*Brief:* Each line containing the string "Black" should be copied out of the entries.
○ ○ ○ ○ ○ ○ ○
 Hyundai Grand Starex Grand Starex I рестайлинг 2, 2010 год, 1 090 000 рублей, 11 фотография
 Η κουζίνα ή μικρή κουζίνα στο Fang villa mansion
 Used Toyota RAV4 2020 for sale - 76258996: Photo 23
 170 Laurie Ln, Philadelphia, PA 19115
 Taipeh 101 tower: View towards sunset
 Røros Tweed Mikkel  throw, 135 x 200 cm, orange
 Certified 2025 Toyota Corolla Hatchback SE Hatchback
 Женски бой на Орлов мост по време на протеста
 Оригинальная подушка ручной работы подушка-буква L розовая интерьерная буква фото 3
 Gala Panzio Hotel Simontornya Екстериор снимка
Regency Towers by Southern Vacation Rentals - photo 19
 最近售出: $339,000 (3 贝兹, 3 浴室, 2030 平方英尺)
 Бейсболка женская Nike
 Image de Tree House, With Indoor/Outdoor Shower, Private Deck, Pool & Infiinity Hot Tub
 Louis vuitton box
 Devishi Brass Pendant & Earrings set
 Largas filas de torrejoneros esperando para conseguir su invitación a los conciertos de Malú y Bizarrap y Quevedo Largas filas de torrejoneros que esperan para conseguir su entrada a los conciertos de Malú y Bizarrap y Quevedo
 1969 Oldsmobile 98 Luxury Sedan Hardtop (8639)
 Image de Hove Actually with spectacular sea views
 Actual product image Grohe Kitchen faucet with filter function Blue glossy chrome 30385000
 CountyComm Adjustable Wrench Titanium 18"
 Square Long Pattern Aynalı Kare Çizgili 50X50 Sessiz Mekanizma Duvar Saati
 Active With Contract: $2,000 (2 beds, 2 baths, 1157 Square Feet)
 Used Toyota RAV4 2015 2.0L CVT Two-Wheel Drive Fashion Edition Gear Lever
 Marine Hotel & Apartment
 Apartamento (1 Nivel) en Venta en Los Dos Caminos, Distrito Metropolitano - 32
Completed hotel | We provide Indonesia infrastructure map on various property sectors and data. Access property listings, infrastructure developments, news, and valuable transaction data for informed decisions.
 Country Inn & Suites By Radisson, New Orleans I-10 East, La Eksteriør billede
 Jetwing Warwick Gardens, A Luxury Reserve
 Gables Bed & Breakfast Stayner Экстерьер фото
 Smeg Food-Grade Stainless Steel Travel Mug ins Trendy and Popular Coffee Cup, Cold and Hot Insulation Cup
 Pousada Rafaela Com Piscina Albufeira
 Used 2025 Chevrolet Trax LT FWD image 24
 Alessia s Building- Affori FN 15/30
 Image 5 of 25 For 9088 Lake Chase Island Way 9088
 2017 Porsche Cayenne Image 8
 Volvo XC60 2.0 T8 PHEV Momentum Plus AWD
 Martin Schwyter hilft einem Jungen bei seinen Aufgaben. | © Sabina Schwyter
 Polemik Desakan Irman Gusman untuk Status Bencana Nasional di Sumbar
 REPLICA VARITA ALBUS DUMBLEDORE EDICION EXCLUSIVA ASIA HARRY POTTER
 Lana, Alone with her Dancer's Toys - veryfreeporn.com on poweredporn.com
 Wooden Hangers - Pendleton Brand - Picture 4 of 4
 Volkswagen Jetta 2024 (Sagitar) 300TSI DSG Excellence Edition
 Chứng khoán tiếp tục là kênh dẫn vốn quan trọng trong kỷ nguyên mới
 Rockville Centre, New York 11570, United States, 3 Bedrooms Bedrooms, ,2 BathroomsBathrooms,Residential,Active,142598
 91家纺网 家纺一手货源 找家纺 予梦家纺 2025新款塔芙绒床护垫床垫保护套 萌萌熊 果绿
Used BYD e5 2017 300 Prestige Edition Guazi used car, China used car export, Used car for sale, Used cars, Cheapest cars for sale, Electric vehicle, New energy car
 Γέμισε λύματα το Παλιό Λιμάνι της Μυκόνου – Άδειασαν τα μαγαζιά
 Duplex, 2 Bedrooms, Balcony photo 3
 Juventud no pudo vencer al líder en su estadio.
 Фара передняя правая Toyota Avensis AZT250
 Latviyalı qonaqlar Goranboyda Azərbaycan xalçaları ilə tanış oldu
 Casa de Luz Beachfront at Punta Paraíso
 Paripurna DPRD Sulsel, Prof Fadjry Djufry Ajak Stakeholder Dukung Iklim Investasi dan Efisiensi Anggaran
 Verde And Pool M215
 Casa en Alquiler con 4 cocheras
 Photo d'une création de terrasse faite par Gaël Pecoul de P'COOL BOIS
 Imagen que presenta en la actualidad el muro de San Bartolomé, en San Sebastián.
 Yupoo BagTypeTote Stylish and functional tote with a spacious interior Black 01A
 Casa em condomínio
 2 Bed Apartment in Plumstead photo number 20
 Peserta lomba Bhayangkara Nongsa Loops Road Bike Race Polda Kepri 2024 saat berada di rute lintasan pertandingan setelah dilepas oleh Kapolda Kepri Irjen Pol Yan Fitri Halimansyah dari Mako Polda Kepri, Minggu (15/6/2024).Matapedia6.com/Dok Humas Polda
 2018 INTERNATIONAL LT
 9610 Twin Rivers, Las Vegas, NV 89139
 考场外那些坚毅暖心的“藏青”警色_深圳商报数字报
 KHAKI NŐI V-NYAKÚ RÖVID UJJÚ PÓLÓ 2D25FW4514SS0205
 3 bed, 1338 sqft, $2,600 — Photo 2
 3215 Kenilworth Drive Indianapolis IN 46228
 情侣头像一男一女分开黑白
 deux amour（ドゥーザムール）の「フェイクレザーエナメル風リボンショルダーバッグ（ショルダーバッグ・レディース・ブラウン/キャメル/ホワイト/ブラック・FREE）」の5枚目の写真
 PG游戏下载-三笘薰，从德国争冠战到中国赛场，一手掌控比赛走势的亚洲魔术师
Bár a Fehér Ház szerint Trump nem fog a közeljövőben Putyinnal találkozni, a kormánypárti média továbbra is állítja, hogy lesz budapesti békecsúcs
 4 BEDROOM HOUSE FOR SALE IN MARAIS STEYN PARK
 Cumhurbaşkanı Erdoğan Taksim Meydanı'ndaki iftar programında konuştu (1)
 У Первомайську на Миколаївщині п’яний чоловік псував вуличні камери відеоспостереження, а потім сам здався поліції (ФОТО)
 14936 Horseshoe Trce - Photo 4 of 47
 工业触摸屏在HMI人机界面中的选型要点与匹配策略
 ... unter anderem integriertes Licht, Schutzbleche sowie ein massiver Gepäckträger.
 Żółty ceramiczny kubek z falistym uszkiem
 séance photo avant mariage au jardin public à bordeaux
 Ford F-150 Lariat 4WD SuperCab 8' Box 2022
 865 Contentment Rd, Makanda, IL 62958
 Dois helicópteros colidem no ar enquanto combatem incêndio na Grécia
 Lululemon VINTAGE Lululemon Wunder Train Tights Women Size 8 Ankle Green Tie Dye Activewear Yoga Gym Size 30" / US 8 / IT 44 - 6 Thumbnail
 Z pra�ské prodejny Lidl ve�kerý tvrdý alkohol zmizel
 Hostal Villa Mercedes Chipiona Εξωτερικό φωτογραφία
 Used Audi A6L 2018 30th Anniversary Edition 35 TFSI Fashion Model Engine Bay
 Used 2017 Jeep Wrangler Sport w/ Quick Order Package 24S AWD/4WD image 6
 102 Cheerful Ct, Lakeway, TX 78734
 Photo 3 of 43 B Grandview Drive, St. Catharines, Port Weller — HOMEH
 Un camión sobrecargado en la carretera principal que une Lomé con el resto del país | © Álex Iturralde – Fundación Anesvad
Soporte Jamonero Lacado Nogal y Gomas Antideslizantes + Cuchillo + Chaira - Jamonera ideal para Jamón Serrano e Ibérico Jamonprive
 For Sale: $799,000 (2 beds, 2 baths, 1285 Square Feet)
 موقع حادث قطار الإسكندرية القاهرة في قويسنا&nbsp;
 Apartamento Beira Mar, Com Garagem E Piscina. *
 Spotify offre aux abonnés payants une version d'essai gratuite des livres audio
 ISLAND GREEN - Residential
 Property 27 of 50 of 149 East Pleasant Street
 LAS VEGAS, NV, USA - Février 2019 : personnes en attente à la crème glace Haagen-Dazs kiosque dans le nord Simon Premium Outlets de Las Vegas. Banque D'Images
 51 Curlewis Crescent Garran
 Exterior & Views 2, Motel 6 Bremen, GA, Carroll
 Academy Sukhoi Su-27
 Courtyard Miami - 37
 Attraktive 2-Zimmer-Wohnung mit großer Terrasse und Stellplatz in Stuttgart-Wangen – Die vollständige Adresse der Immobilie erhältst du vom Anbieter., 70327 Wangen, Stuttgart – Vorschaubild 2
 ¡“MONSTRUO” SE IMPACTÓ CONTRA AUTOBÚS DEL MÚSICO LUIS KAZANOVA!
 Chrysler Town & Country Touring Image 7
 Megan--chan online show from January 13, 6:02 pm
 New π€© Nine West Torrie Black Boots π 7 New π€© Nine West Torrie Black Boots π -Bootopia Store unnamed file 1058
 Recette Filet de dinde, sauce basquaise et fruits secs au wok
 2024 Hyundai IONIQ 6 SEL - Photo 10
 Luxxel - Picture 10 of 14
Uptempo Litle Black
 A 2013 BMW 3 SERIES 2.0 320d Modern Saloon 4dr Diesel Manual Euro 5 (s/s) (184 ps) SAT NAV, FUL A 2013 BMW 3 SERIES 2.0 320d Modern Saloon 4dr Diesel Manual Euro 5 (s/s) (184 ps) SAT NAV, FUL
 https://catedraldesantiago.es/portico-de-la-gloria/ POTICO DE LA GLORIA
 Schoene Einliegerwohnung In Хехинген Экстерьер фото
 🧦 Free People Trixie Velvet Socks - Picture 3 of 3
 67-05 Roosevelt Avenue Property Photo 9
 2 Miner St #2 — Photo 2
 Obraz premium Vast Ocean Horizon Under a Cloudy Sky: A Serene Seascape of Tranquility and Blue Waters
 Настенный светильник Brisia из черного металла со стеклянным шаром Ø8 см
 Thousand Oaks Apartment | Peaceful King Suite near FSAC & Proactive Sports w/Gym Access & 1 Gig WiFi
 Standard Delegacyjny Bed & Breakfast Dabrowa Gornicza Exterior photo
○ ○ ○ ○ ○ ○ ○
*Answer section:*
 Yupoo BagTypeTote Stylish and functional tote with a spacious interior Black 01A
 New π€© Nine West Torrie Black Boots π 7 New π€© Nine West Torrie Black Boots π -Bootopia Store unnamed file 1058
Uptempo Litle Black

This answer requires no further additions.